Just something like open(/usr/include/sys/stat.h) causes five calls of
generic_permission -> acl_permission_check -> in_group_p; if the
compiler first tried /usr/local/include/..., that would be a few
more.
Altogether, on a bog-standard Ubuntu 20.04 install, a workload
consisting of compiling lots of userspace programs (i.e., calling lots
of short-lived programs that all need to get their shared libs mapped
in, and the compilers poking around looking for system headers - lots
of /usr/lib, /usr/bin, /usr/include/ accesses) puts in_group_p around
0.1% according to perf top. With an artificial load such as
while true ; do find /usr/ -print0 | xargs -0 stat > /dev/null ; done
that jumps to over 0.4%.
System-installed files are almost always 0755 (directories and
binaries) or 0644, so in most cases, we can avoid the binary search
and the cost of pulling the cred->groups array and in_group_p() .text
into the cpu cache.
Signed-off-by: Rasmus Villemoes <[email protected]>
---
fs/namei.c | 7 ++++++-
1 file changed, 6 insertions(+), 1 deletion(-)

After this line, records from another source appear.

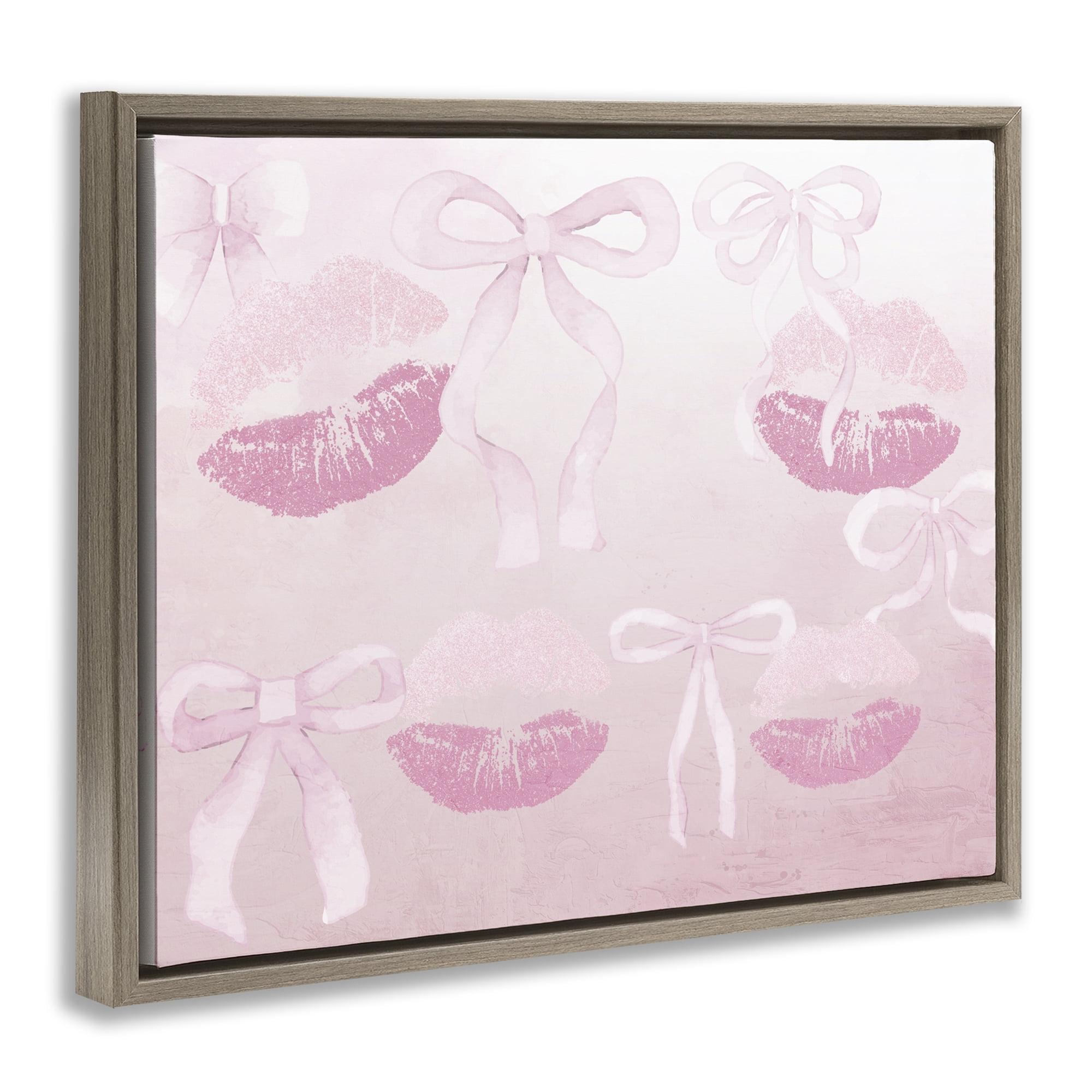 Dreamy Bows & Lips Brown Framed Floater Canvas Wall Art, design by Kim Allen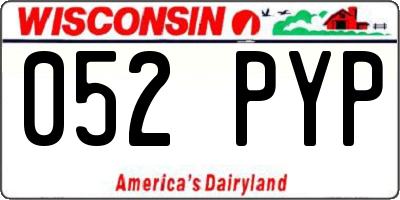 WI license plate 052PYP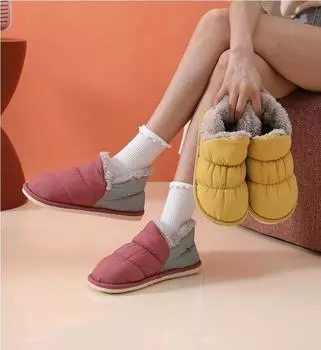 2024 зимние теплые домашние тапочки женские плюшевые водонепроницаемые хлопковые тапочки женские домашние уличные плоские туфли для пар женские 36-37 синий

diff --git a/fs/namei.c b/fs/namei.c
index d81f73ff1a8b..c6f0c6643db5 100644
--- a/fs/namei.c
+++ b/fs/namei.c
@@ -303,7 +303,12 @@ static int acl_permission_check(struct inode *inode, int mask)
return error;
}
- if (in_group_p(inode->i_gid))
+ /*
+ * If the "group" and "other" permissions are the same,
+ * there's no point calling in_group_p() to decide which
+ * set to use.
+ */
+ if ((((mode >> 3) ^ mode) & 7) && in_group_p(inode->i_gid))
mode >>= 3;
}
--
2.23.0
On Fri, Jun 5, 2020 at 7:23 AM Rasmus Villemoes
<[email protected]> wrote:
>
> + /*
> + * If the "group" and "other" permissions are the same,
> + * there's no point calling in_group_p() to decide which
> + * set to use.
> + */
> + if ((((mode >> 3) ^ mode) & 7) && in_group_p(inode->i_gid))
> mode >>= 3;
Ugh. Not only is this ugly, but it's not even the best optimization.
We don't care that group and other match exactly. We only care that
they match in the low 3 bits of the "mask" bits.
So if we want this optimization - and it sounds worth it - I think we
should do it right. But I also think it should be written more
legibly.
And the "& 7" is the same "& (MAY_READ | MAY_WRITE | MAY_EXEC)" we do later.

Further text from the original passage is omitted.